• _Brief_
An exact copy is all that is wanted: the lines from the one with "Vlak s benzenem" through the end of the listing below, both included, minus any pictures.

── Data segment ──

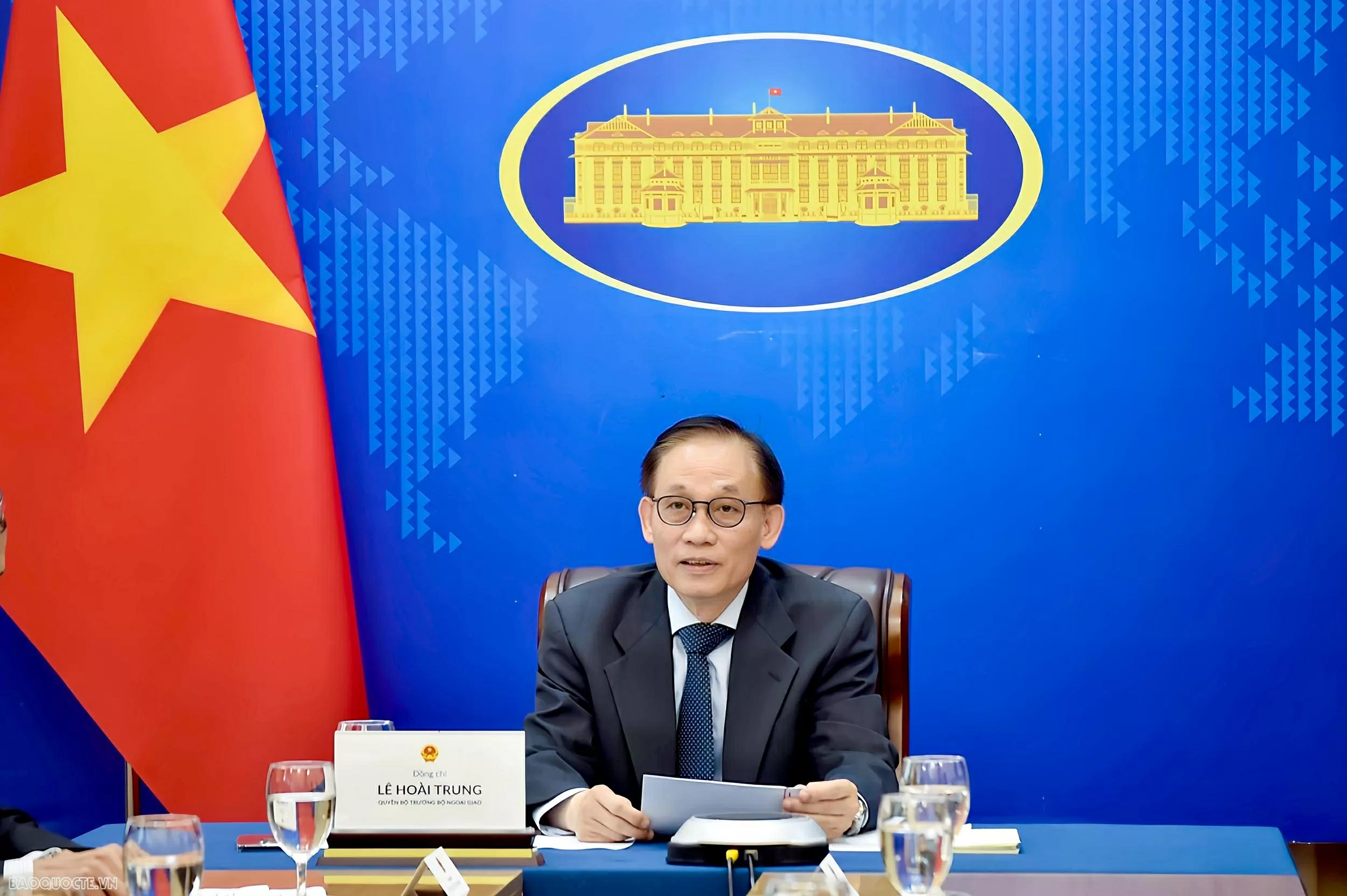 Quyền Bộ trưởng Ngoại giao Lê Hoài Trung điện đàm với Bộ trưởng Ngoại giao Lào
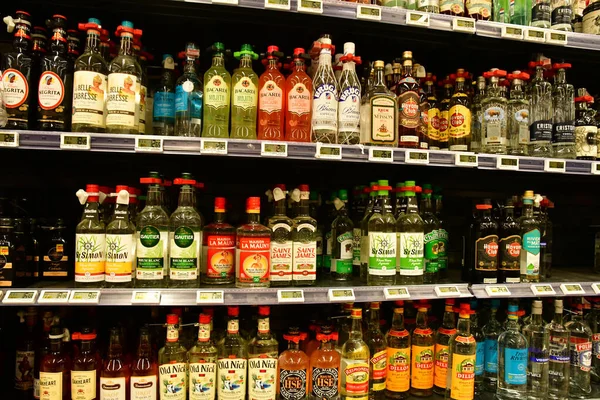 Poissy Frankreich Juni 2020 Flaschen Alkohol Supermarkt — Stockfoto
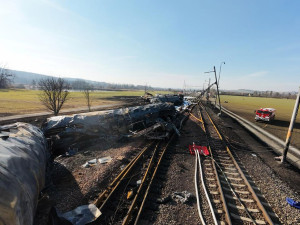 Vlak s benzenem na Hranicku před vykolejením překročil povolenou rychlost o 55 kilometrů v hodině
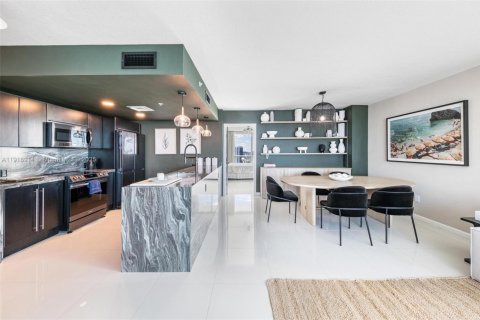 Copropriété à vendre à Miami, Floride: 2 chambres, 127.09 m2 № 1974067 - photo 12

───

• _Result of the exercise_
 Vlak s benzenem na Hranicku před vykolejením překročil povolenou rychlost o 55 kilometrů v hodině
 Copropriété à vendre à Miami, Floride: 2 chambres, 127.09 m2 № 1974067 - photo 12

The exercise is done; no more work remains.